ABYSSAL ASCENDANT – Unleashing The Outer Plagues – EP

ABYSSAL ASCENDANT
Unleashing The Outer Plagues
EP
Self-Release
9
Arjun Arman
2013

With a logo not unlike what one would see on a 16-bit video game title screen (and a band name one “a” short of alliteration), one can easily dismiss France’s Abyssal Ascendant as one beast in the larger legion of death metal bands that seek to replicate the old-school masterworks of the genre. This action would do this humble monster a disservice, because the band’s EP “Unleashing the Outer Plagues” is not unlike a young and ambitious netherworld entity with an eye (or eyes) on making a name for itself amongst its legion of brethren. With a full length due out in summer 2015, this six song debut is very promising as a statement of intent.
At the first sign of blasting violence, the listener knows this recording is going to be a punishing effort, one that sounds similar to mid-period Nile in its murky compression. Try not, I meant TRY NOT to break something as ‘Interdimensional Predation’ ratchets up along with an old-school death snarl from vocalist “Flo” (I imagined the progressive Insurance lady gone horribly cosmic Brundlefly) and try, TRY not to rip your own arm off and kill the nearest living poser with it during the chugging of ‘Webcrafting the End.’ It all makes for very physical and provoking listening. But the strongest aspect of this set of songs lies in their ability to set the mood with interludes and sound effects. Right off the bat, ‘Abysmal Cadavers Procession’ uses some squishy and slimy sound effects to simulate the otherworldly physicality of the entities described within. ‘The Beyond One’ begins with a really cool monologue delivered from the perspective of Yog-Sothoth, one of the those scary Lovecraftian deities that can state with confidence its ability to be “both the key and the door.” For one not well versed with the mythos, the interludes are nevertheless mysterious and enticing enough to invite further inspection and also enhances the already immersive material.
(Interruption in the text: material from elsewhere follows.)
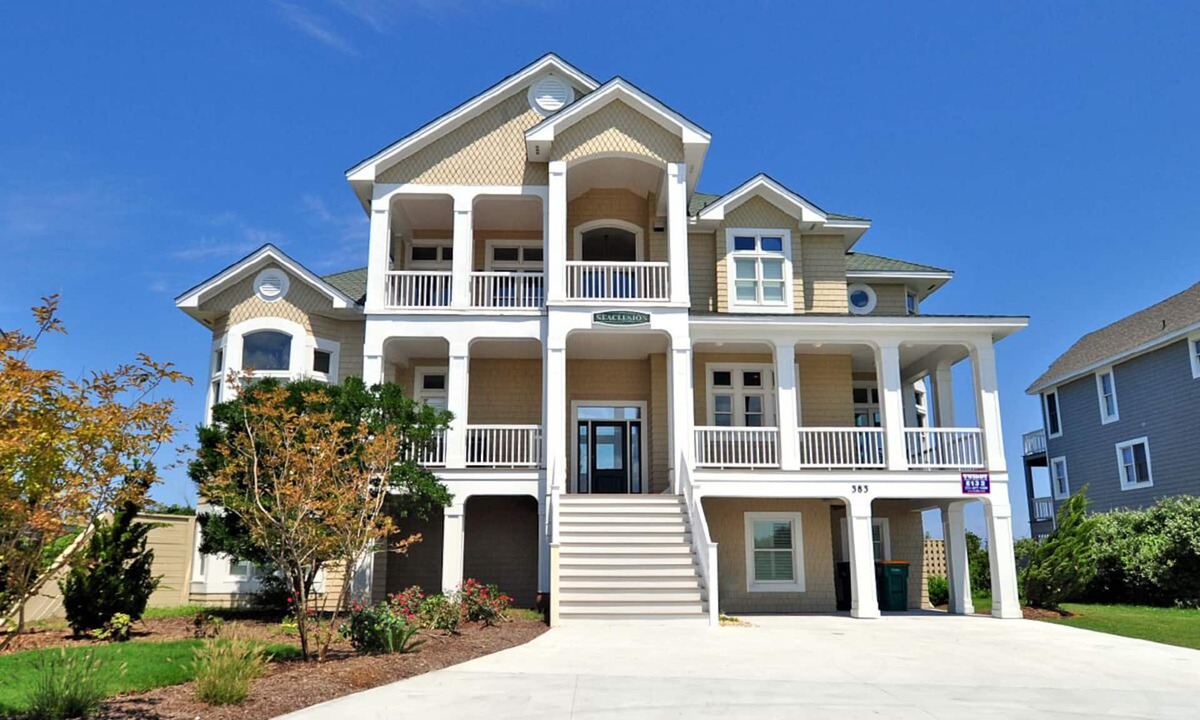Pine Island House | Corolla, North Carolina Pine Island Ocean Front OBX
The monologue ends up being the most memorable moment during the running time, but that doesn’t lessen the other highlights “Plagues” has to offer. Key cut ‘Down to the Abyss’ is a beautiful and mystical track that is strongly reminiscent of Nile’s best moments (down to the bells, choirs and chugging) and hints at a knack for multifaceted songcraft. There is much to find and enjoy even in the record’s short running time.
A lesson learned: what self-respecting metal fan can know little to nothing about the Great Old Ones and their reality warping abilities? This author resolves to make an effort to learn sooner rather than later, so he can properly enjoy the ritualistic atmosphere presented by these priests of Yog-Sothoth with much more fervour.